With all it’s double-dealings and smoky room politics, the show sometimes feels like a 70s political thriller, but it’s undeniably ultra-modern. There’s a lot of usage of technology on the show, including internet usage (the show makes a reference to how satirical youtube videos can really harm a politician’s career), but most notably cell phones. Introducing another cool technique that plays with Fincher’s visual sensibilities, occasionally you will see character texting. Rather than have the camera zone in on the cell phone, the view will instead stay on the character and then a dialog box will pop up that shows what they are reading/saying. It’s used quite effectively in the start of the season, although it becomes less common in the second half.
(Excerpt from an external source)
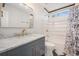 Modern bathroom with marble vanity, subway tile, and gold fixtures at 8517 Falling Leaf Ln, North Charleston, SC 29420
I really hope that the next season will find even more clever ways to use this technique.
So how’s the acting? Well, it excels here too. Kevin Spacey has always been one of our generation’s best screen actors, and he certainly indulges in this character. Speaking in a southern accent and using colorfully flamboyant language, Frank Underwood holds every scene he’s in, even if we’re aware of how evil he is. The supporting cast is all great too, with Kate Mara proving that acting ability runs in her family, as yes I will admit that I was under the impression that she was her sister Rooney for most of the series (I misread the credits I guess). Corey Stoll also gives a rather excellent performance as the womanizing and drug-addicted Peter Russo, as he gives the character the right amount of affability and cowardice that makes you really wish that he achieves redemption.
House of Cards is certainly a great show, but it isn’t perfect. The plot is spread too thin at times, and there is a sense of filler every now-and-then that does give me the feeling that I’m watching a TV Show. I feel that the best television dramas (The Wire, Breaking Bad, The Sopranos) have a more organic feel, and really give you the sense that you’re viewing a great movie, or reading some sort of excellent novel. House of Cards Season 1 does feel a bit televised at time, but that shouldn’t distract that this is possibly the best freshman season of a show to come out in a fairly long time. Already you can feel the writers and film makers have found a voice for the show, and it results in a sublime series that really unravels the seedy side of politics. With a second season already in the works, as well as the much discussed revival season for Arrested Development nearly here, Netflix might very well become the best television breakout since AMC, and it’s not even on TV.